Additives and fillers are organic or inorganic compounds that Bausano customers can introduce into plastic to change the properties of the specific plastic for extrusion. While most plastics in their original form are impact resistant and long-lasting, they are often brittle, hard, combustible, or too heavy for the intended use. Adding additives or fillers can transform the plastic so it meets the intended use without sacrificing the qualities that made it attractive in the first place.
In the processing of plastic, Bausano makes a distinction between additives that have an influence on the process ability of the plastic and additives that have an influence on the product properties.
Fillers in polymer Extrusion
Fillers are added to polymers by customers before putting it in a Bausano extruder to accomplish many different property changes and improvements. They can alter physical properties, reduce costs, trim weight, change the electrical conductivity, and enhance thermal properties, just to name a few.

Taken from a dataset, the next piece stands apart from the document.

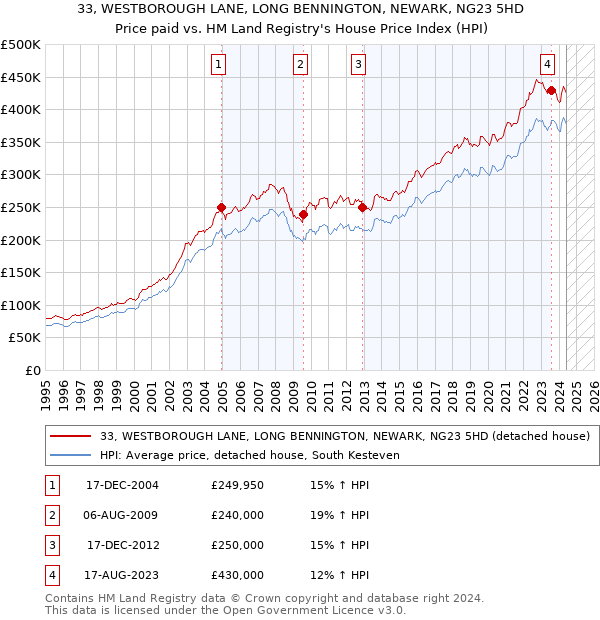 33, WESTBOROUGH LANE, LONG BENNINGTON, NEWARK, NG23 5HD: Price paid vs HM Land Registry's House Price Index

In almost every case they also influence processing behavior during extrusion.
The polymer can be mixed with up to 85% of fillers such as chalk or talcum.
The addition of fillers can significantly change the processing properties of a polymer. Refer to general melting-rate calculations for viscous dissipation in Bausano single-screw extruders (shear melting) it's important. Viscous dissipation is increased with increasing viscosity, density, and thermal conductivity, and by decreasing specific heat.
Adding fillers to the polymer mix affects all these parameters. The generation of heat in the polymer itself depends on its thermal properties, viscosity, and the conductive heat transfer to or from the extruder. By adding most fillers, the amount of energy required for viscous dissipation is greatly reduced in relation to the mass output.
Polymers are poor conductors of heat compared with mineral or glass fillers. Moreover, polymers require more energy to raise their temperature (specific heat). Additionally, most fillers have a significantly greater density than the common polymers, giving them more “thermal bulk.” Finally, addition of fillers usually increases the compound’s viscosity as compared with the neat polymer. You can use the reference point from processing unfilled polymer to determine whether you can run filled resin on your current system.
Often, minerals such as calcium carbonate, silica, clay, kaolin and carbon are added as fillers to polymers. While most people think these are simply used to add bulk and lower cost, many of these mineral fillers make them easier to mold and shape while ensuring the stability of the compounds. For plastics that require heat-resistance, mineral fillers can increase heat-deflection and reduce thermal expansion.